Wednesday, January 28, 2015

Sir William Boswell and the Bowswells of Durham

Sir William Boswell, seventeenth-century diplomat, was a powerful, intriguing figure. There is not much about his family or where he came from, although there is plenty of historical evidence about his political activities. But who was he? Apparently he "claimed affinity" with his wife's family, the Bosvilles of Kent. As Alan Stewart puts it in the DNB, Boswell "married his cousin Margaret Boswell or Bosvile, a relation of Sir Ralph Bosvile of Eynsford in Kent."

In this post I'll suggest that William Boswell's family was actually from Durham. He probably was not related to Margaret Bosville, although certainly their names were spelled similarly.

We can see that Boswell's family was from Durham from the will of his father, John, who died in 1595--the reference for the will is given in History of Parliament online and in the DNB article by Alan Stewart.

The will of John Bowswell, of Suffolk, is fairly detailed. In particular, it mentions that the property that John Bowswell has got from Sir Robert Gardener, in Suffolk, is bequeathed to his eldest son William Bowswell (that is, Sir William Boswell). However, later in the will, John Bowswell names his brother Thomas as the heir of all his property in Barnard Castle village in Durham. The will refers to his right to hold the land "of one John Fulthorpe esquire and his ancesters ... many yeeres beyond the meamory of man"; a few lines later John refers to his father, "deceased of the heires of the said John Ffulthorpe."

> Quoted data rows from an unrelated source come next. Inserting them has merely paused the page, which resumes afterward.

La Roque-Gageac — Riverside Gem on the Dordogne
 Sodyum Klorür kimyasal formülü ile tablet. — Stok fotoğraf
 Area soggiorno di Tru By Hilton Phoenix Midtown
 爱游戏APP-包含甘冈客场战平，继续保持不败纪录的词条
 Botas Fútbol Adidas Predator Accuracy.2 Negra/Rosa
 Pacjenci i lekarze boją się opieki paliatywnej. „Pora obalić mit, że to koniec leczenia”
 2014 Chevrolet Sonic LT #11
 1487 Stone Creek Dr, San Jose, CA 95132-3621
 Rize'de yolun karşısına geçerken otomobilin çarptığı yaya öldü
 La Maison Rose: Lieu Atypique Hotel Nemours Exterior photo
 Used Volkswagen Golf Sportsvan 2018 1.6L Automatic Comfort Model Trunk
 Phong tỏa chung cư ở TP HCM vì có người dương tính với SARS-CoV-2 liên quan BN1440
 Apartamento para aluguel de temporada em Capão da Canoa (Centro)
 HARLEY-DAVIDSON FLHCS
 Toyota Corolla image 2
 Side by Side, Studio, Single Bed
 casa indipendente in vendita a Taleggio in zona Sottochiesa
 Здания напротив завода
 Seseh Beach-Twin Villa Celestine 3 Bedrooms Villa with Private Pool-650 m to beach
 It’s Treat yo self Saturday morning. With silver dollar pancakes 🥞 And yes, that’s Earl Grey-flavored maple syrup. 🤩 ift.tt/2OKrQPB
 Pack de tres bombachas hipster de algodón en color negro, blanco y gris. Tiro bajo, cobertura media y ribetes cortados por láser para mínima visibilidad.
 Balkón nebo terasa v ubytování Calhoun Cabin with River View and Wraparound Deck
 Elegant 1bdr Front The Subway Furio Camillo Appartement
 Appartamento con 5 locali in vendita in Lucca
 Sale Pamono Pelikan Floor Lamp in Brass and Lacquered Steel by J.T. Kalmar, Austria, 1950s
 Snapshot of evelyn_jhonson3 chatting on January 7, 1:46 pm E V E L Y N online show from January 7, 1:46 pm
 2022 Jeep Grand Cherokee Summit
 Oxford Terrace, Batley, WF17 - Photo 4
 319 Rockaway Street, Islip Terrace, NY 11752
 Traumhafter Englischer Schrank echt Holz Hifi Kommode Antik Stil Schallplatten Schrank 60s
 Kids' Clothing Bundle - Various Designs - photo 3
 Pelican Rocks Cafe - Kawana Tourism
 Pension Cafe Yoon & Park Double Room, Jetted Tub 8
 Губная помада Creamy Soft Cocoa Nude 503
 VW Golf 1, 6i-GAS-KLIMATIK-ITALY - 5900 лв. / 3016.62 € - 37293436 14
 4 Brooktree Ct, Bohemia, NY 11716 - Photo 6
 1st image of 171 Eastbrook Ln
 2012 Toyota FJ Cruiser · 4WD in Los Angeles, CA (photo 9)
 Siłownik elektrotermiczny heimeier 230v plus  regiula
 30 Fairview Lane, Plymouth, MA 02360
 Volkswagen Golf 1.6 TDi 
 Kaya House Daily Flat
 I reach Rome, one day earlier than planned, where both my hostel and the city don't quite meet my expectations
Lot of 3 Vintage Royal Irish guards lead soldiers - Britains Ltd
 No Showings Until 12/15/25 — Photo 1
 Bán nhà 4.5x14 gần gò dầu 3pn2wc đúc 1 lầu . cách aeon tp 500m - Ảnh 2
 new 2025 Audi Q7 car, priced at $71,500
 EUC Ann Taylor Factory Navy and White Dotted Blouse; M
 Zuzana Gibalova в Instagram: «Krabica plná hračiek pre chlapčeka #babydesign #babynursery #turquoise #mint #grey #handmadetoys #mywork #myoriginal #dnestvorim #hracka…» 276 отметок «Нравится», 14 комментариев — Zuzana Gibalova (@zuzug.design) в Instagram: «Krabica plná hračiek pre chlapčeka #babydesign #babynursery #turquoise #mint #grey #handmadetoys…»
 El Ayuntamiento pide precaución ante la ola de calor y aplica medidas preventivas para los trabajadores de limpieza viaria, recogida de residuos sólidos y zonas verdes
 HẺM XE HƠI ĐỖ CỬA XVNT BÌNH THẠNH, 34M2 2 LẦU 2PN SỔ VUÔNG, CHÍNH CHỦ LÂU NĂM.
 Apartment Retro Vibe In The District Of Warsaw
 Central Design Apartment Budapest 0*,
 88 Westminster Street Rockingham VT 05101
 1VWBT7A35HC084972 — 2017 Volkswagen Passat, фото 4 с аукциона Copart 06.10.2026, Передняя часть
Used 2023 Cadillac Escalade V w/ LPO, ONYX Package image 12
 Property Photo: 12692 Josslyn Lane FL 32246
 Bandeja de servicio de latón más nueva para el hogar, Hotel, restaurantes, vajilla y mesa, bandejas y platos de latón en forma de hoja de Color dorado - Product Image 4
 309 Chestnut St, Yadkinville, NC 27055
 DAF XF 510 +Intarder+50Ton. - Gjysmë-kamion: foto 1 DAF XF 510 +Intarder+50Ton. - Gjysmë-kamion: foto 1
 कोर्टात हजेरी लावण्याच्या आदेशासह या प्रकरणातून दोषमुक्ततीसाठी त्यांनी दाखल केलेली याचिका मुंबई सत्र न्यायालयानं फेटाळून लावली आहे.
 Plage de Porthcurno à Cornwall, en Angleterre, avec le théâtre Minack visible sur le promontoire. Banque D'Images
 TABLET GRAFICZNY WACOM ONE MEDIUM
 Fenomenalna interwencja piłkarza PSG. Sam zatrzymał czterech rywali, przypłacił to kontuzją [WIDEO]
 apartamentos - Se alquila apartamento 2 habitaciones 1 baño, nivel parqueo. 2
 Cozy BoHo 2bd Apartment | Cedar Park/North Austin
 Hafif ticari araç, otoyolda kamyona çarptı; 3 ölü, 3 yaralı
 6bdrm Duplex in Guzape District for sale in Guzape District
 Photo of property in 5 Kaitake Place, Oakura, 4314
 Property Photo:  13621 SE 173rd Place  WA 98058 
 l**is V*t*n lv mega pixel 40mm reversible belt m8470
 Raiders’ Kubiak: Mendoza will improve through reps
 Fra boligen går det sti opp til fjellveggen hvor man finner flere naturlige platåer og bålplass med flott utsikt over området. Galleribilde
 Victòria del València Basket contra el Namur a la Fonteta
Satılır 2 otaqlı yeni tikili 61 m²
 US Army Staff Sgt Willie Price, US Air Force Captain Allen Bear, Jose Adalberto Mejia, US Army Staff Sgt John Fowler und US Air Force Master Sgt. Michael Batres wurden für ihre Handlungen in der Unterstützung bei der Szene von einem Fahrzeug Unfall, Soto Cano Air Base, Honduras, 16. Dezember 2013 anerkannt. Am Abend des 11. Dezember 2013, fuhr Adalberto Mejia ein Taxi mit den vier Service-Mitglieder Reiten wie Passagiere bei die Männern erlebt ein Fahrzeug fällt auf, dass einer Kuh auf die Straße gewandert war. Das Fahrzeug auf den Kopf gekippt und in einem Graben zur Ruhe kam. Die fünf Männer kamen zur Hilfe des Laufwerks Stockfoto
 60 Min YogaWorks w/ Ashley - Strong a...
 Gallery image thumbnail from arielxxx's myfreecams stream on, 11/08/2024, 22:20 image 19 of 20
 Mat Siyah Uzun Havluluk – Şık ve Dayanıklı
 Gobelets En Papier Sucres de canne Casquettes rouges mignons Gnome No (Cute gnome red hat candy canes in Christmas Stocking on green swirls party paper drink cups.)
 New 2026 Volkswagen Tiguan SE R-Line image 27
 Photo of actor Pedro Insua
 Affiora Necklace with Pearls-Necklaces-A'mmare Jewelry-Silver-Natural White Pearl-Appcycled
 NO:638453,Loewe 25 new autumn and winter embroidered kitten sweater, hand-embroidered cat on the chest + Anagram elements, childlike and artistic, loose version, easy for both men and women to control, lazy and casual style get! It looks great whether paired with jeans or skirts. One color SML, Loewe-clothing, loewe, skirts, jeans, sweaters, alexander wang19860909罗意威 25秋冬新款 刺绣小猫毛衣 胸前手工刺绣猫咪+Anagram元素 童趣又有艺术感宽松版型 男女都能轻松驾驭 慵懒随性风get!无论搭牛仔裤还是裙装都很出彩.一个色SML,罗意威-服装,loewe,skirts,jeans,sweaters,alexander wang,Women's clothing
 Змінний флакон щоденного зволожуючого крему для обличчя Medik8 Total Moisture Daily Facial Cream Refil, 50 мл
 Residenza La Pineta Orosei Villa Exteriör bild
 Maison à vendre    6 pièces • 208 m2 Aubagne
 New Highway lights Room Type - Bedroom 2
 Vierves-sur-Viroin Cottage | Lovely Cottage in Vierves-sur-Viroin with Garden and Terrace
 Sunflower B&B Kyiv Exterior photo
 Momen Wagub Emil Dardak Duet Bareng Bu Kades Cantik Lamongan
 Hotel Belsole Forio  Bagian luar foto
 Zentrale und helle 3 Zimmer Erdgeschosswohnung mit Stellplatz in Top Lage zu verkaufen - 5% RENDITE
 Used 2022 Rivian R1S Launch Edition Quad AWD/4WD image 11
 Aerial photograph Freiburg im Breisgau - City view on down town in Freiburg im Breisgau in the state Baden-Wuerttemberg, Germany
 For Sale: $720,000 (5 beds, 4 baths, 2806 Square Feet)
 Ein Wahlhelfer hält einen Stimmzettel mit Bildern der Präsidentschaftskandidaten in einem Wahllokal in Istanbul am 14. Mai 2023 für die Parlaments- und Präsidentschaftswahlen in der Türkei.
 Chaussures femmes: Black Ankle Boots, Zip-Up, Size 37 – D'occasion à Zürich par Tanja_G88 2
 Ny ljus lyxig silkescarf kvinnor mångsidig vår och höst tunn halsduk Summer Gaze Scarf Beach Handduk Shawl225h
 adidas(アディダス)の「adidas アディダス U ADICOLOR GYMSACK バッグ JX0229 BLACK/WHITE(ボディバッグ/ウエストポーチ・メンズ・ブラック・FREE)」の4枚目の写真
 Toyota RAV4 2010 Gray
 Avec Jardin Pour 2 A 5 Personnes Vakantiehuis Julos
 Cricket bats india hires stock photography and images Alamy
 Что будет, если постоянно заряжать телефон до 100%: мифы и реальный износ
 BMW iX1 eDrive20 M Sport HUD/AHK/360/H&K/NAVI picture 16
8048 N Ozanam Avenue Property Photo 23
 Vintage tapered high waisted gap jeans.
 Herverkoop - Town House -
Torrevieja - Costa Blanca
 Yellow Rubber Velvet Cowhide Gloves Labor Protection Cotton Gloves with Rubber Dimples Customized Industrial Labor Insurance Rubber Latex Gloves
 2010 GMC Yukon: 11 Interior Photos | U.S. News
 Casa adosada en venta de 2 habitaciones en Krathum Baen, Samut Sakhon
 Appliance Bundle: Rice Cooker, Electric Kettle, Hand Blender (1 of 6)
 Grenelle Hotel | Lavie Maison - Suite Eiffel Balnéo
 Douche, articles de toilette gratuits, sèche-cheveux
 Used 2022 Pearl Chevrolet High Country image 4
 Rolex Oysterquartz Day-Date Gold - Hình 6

Barnard Castle in Durham has a long association with the Bowes family, and there is a village called Bowes in Barnard Castle. George Bowes notoriously executed the northern rebels and took possession of Streatlam Castle in Durham in 1569. The Fulthorpes and the Bowes certainly had their links to each other: Anne Fulthorpe’s son married Sir George Bowes’ daughter, establishing family links between Bowes and Fulthorpe several decades before John Bowswell died in 1595. Bowes sounds a lot like Bowswell. You can see where I'm going with this. Perhaps Boswell is not a corruption of Bosville after all, but instead a corruption of Bowes.